:: Goal of the exercise ::
A stretch of the entries below is to be set down exactly, running from the line with "Product image for Raw amythest stones" through the line with "シングルデラックスルーム, Rooms Hotel Kazbegi", both included, and no other line.

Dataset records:

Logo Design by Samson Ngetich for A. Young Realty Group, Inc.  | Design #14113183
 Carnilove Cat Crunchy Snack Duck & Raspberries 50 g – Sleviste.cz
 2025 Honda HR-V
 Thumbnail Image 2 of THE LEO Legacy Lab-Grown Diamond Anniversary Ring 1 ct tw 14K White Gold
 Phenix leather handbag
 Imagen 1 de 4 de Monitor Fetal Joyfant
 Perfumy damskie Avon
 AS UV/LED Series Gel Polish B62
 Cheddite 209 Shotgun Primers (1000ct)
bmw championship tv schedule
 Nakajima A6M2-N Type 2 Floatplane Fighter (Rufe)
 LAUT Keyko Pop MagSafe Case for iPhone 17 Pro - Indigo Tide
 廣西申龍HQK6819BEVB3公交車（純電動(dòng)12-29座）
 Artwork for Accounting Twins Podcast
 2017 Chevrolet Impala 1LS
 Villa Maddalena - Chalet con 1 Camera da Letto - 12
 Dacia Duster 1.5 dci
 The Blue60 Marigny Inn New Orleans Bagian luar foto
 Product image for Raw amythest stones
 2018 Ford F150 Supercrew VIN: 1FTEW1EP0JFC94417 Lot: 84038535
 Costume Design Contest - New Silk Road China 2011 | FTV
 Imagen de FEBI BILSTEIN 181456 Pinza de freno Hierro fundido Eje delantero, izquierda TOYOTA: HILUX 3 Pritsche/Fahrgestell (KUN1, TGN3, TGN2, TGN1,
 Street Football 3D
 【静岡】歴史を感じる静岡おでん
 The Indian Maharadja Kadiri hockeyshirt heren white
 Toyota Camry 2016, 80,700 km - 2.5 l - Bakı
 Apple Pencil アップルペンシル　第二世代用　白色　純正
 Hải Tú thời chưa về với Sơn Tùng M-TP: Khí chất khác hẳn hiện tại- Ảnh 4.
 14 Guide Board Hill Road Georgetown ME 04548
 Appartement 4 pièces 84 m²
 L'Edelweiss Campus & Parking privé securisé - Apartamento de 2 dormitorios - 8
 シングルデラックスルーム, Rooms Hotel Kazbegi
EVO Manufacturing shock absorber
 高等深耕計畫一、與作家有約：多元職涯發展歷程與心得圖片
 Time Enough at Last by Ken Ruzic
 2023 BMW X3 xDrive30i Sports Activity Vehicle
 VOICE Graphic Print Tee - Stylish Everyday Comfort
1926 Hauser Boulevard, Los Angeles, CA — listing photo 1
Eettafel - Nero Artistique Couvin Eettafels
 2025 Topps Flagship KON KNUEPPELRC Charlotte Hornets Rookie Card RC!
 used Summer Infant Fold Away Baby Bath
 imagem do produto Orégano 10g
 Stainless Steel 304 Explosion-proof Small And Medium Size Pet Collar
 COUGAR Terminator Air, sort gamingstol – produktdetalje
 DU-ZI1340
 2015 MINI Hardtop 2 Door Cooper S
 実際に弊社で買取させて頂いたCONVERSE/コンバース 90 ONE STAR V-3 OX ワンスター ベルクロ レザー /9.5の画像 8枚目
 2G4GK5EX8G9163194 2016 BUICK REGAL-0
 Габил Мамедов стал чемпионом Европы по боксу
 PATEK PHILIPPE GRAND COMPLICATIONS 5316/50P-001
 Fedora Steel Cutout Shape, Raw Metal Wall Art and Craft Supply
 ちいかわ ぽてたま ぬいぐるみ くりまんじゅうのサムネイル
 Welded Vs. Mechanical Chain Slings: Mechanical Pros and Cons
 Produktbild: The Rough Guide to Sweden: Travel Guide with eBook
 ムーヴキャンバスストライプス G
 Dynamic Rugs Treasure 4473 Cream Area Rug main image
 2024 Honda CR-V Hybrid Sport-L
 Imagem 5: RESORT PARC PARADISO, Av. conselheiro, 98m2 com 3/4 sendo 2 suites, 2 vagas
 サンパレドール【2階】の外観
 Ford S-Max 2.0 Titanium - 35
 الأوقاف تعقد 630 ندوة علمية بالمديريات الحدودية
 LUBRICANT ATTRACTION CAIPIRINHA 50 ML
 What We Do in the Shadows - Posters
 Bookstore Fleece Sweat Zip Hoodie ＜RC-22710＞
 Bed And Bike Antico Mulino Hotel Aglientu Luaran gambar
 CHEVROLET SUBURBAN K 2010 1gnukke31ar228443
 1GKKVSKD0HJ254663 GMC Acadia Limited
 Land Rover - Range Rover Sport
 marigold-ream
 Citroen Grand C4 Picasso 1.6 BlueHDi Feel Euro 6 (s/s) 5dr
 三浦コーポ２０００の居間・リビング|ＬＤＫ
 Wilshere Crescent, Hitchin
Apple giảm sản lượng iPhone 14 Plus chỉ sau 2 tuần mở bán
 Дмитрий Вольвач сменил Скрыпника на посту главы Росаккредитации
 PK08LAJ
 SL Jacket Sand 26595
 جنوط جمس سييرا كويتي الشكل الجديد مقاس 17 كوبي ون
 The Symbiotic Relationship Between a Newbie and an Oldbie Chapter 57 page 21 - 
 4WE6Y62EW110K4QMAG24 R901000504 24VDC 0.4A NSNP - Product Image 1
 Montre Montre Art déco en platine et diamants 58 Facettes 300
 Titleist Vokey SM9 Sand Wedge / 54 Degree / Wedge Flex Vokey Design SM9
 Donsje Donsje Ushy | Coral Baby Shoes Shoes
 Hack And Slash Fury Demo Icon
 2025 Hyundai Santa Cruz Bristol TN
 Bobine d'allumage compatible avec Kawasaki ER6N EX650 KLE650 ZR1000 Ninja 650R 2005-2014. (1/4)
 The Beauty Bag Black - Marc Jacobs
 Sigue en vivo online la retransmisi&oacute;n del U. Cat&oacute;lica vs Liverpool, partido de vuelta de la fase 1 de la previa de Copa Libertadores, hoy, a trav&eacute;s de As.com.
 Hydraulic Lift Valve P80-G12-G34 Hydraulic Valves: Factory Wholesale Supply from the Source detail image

:: Expected output ::
 Product image for Raw amythest stones
 2018 Ford F150 Supercrew VIN: 1FTEW1EP0JFC94417 Lot: 84038535
 Costume Design Contest - New Silk Road China 2011 | FTV
 Imagen de FEBI BILSTEIN 181456 Pinza de freno Hierro fundido Eje delantero, izquierda TOYOTA: HILUX 3 Pritsche/Fahrgestell (KUN1, TGN3, TGN2, TGN1,
 Street Football 3D
 【静岡】歴史を感じる静岡おでん
 The Indian Maharadja Kadiri hockeyshirt heren white
 Toyota Camry 2016, 80,700 km - 2.5 l - Bakı
 Apple Pencil アップルペンシル　第二世代用　白色　純正
 Hải Tú thời chưa về với Sơn Tùng M-TP: Khí chất khác hẳn hiện tại- Ảnh 4.
 14 Guide Board Hill Road Georgetown ME 04548
 Appartement 4 pièces 84 m²
 L'Edelweiss Campus & Parking privé securisé - Apartamento de 2 dormitorios - 8
 シングルデラックスルーム, Rooms Hotel Kazbegi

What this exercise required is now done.